An extensive and sophisticated exploration of a recurring theme in global comics—black box—which the artist has gathered and reorganized into a large-scale, collective, transtemporal and transgeographic narrative.
Ilan Manouach's
Tarwar expands upon the author's earlier
Abrégé de bande dessinée franco-belge, but broadens its scope to explore global comics. By leveraging computer vision technologies to study thousands of comics from diverse cultures,
Tarwar zeroes in on one recurring visual element: the black panel. These iconic elements, discovered in comics across genres and regions and cultural context all over the world, prompt reflection and signify narrative pauses, often evoking themes of introspection and suspense. Embracing the universality of this motif,
Tarwar, entirely composed by black panels, reveals how comics serve as a shared language that transcends geographic, cultural, and stylistic boundaries, creating a collective narrative experience in a globalized world.
Ilan Manouach (born 1980 in Athens, lives and works in Athens and
Brussels) is a musician, a book publisher and a multidisciplinary artist
with a specific interest in conceptual and post-digital
comics. He
currently holds a PhD researcher position at the Aalto University in
Helsinki (adv. Craig Dworkin) where he examines the intersections of
contemporary comics, art and poetry. His work claims for the importance of
comics as a materially self-reflexive medium, unaffiliated to any general
art history.
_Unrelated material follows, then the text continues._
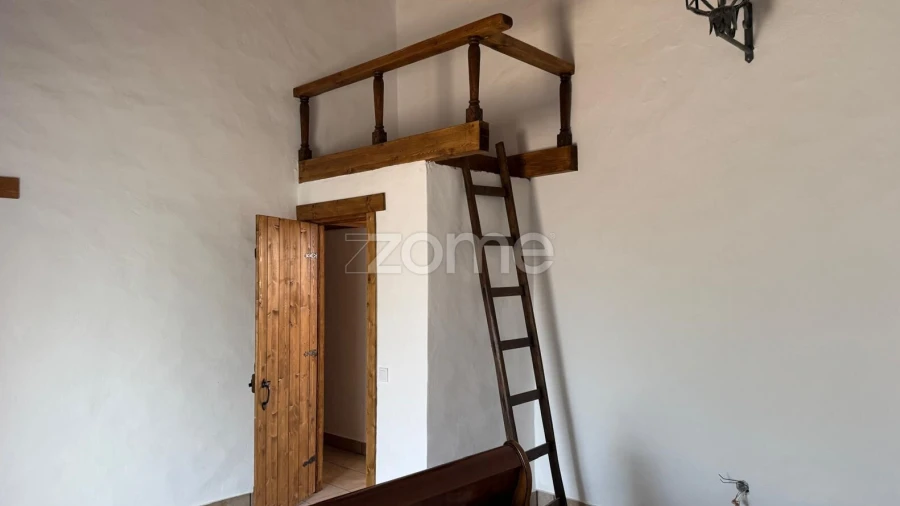 Moradia T4 para Venda em Alte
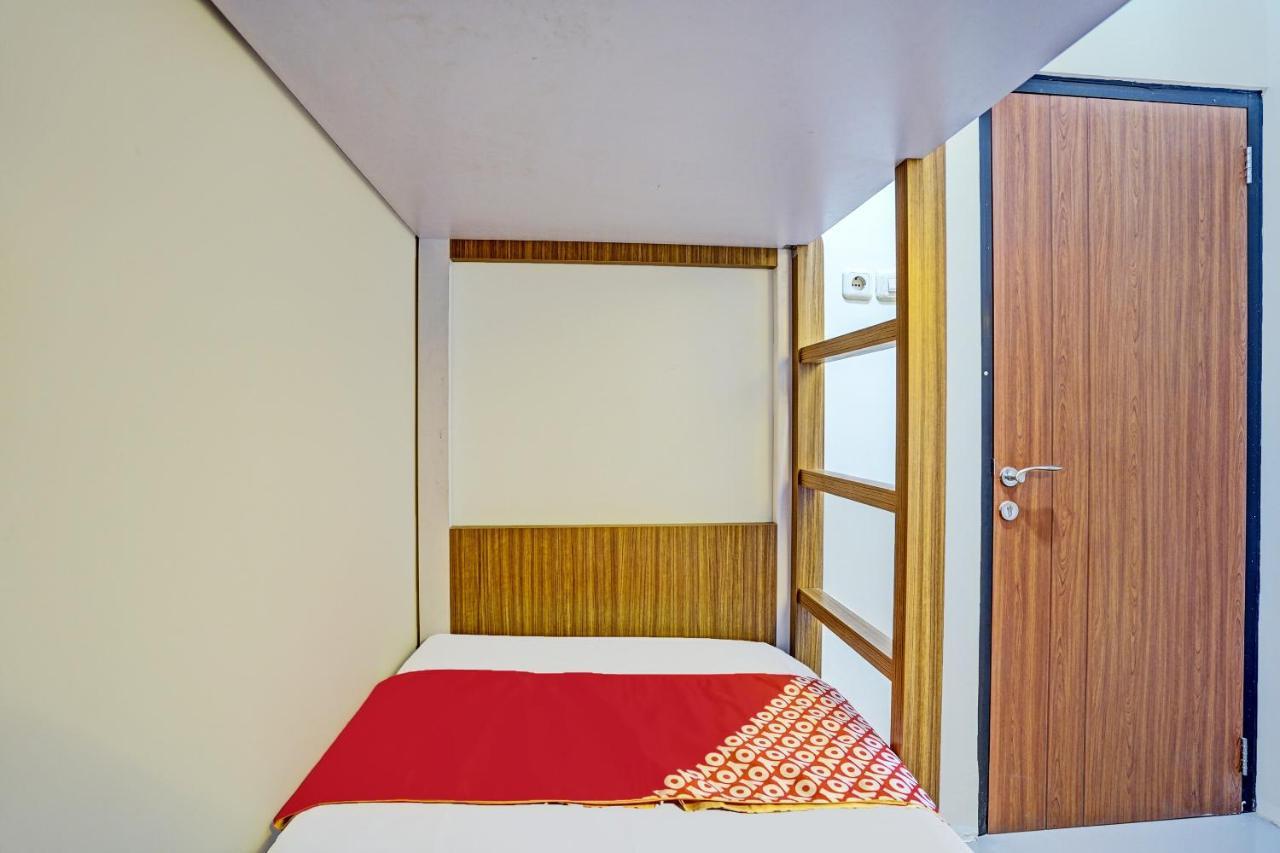 סוראבאיה Oyo 92435 Sunlo Cozy Home Family Homestay Syariah מראה חיצוני תמונה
He has more than twenty published bookworks under his belt,
solo exhibitions to important comics events worldwide. He is mostly known
for Shapereader, a tactile system of communication for comics artists with
visual disabilities. His
work has been written about in
Hyperallergic,
New York
Magazine,
World Literature Today,
Wired,
Le
Monde,
The Comics Journal,
du9,
50watts
and Kenneth Goldsmith's
Wasting Time on the Internet and his
works are also part of the Ubuweb online contemporary art archive. He is
the director of Futures of Comics, an international research program that
explores how comics are undergoing historic mutations in the midst of
increasingly financialized, globalized
technological affordances and proposes to map the social, economic,
racial and gendered forces
that shape the industry's commercial, communication and production
routines. It took place in 2019 during the Fumetto Comics Festival. He was
the curator of the Festival Shadow Libraries: Ubuweb in Athens, that
proposed to examine the uses of the archive in regards to artistic
production and explore the conceptual consistency and the ethics of
digital preservation and distribution in web libraries, through the lens
of its users and makers. The festival consisted of two symposia, four
workshops, an exhibition of media works and a 24h video
programme and took place in the Onassis Cultural Centre in March 2018.